In late 1999, Extreme launched its United States operations, and charged veteran producer, Lloyd Bryan Adams with the task of heading up the North American presence. They launched EXtreme TV, a branded block on Fox Sports Net in March 2012.

In 2005, after launching the channel in over sixty countries, and seeing the growth in digital coming Extreme International acquired the Extreme brand and sold its 50% stake in Extreme Sports Channel to John Malone's Liberty Global Inc. which had by then become owner of UPC. The channel was put under the management of Chellomedia. Since the transaction and as the sector and the sports have rapidly grown and moved into the mainstream Extreme has expanded globally. Driven by the Vision to Drive positive change through extreme and adventure sports, Extremes integrated offer encompasses strategy, design, development, and management of adventure based destinations, hotels and resorts,  events, social media publishing and marketing services. The organisation operates around three guiding pillars, people, planet, and place, are headquartered in London, and serves clients through its experienced international team. 

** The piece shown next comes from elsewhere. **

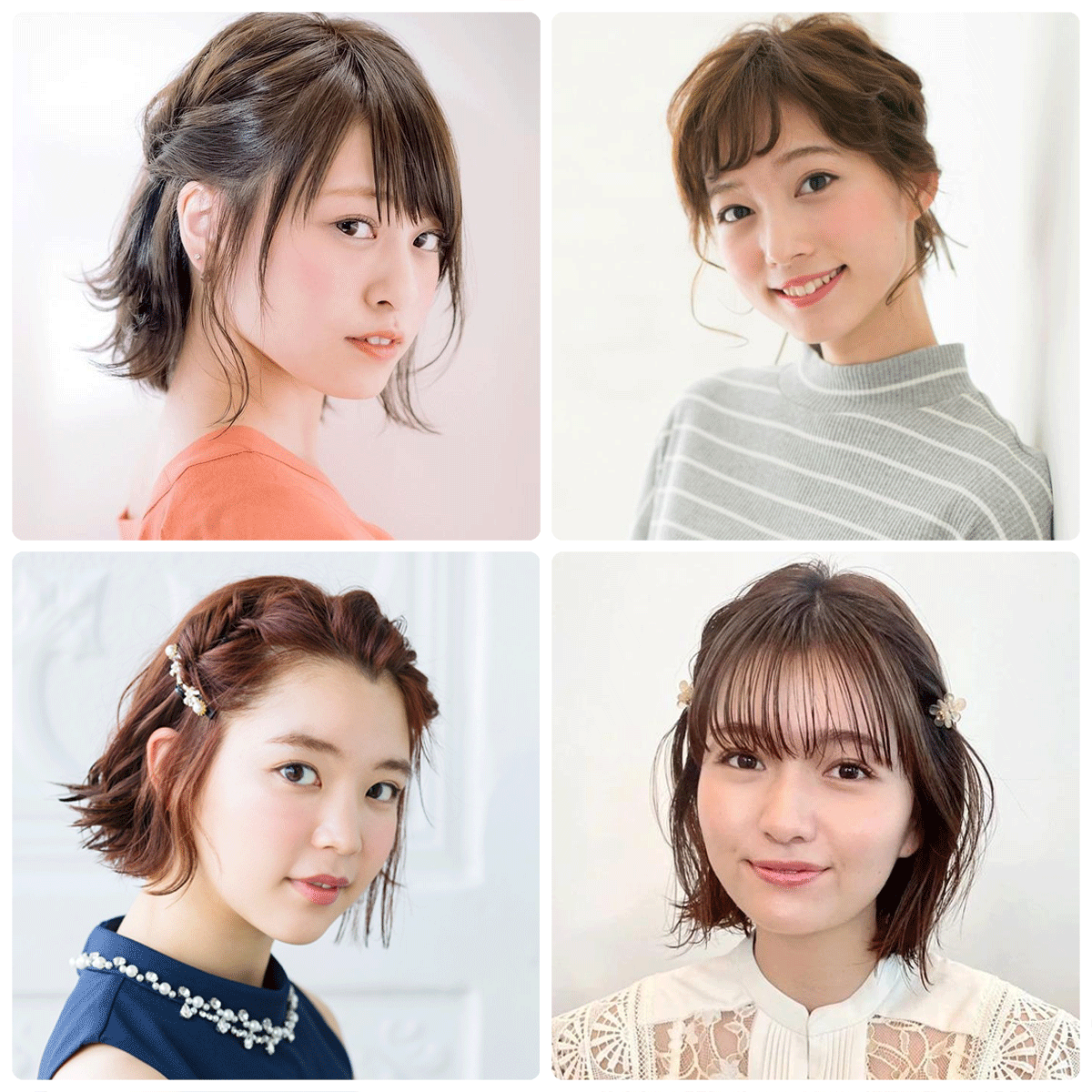 不器用さんでも簡単！ボブにおすすめのヘアアレンジ【最新ヘアカタログ】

Extreme destinations division is designing developing and starting to operate, hotels, resorts and adventure parks and offers adventure consulting services that cover advice, strategy, planning, development and operations across extreme and adventure sports tourism and destination projects.

Extreme Events is growing and managing a portfolio of events, conferences and shows for millennials oriented around "adventure sports" and "environmental action" markets like the Extreme Hangout in the environmental action events platform that was launched at COP 28 in Glasgow.

In media it operates social media publishing division posting and producing brand defining action and adventure sports, travel and lifestyle entertainment daily and offers Social media management, content creation, advertising and sponsorship solutions for brands, events and destinations. The collection of social and digital channels delivers content how, when and where viewers want it and are accessed through all social media networks, connected TV platforms and mobile apps.With a global community of approaching 20 million fans, its hits over 200m video views every month and recorded more than 2 billion video views in 2022. 

Across everything Extreme does it works to sustainably drive sport participation, an active and healthy lifestyle, job creation, infrastructure investment and tourism. Whilst aligning with five key United Nations Sustainable Development Goals and government agendas there is a commitment to be sustainable, and have launched the Extreme Hangout an impact platform, are signed up to Planet Mark to measure impact, 1% For The Planet to give back and the UN’s Sports for Climate Action to drive awareness.

The channel launched in Poland in January 2006, followed by France in that same year.

The UK version of the channel was free-to-air from launch until the summer of 2006, when a deal with BSkyB meant that it became encrypted.

On 28 September 2011 the channel began broadcasting in widescreen (16:9) format.

On 1 February 2012 the high-definition version of the channel began broadcasting in Italy.

AMC Networks acquired Chellomedia on 2 February 2014. Chellomedia was rebranded by AMC Networks International on 8 July 2014.

On 31 December 2015, the channel was removed from the Sky EPG.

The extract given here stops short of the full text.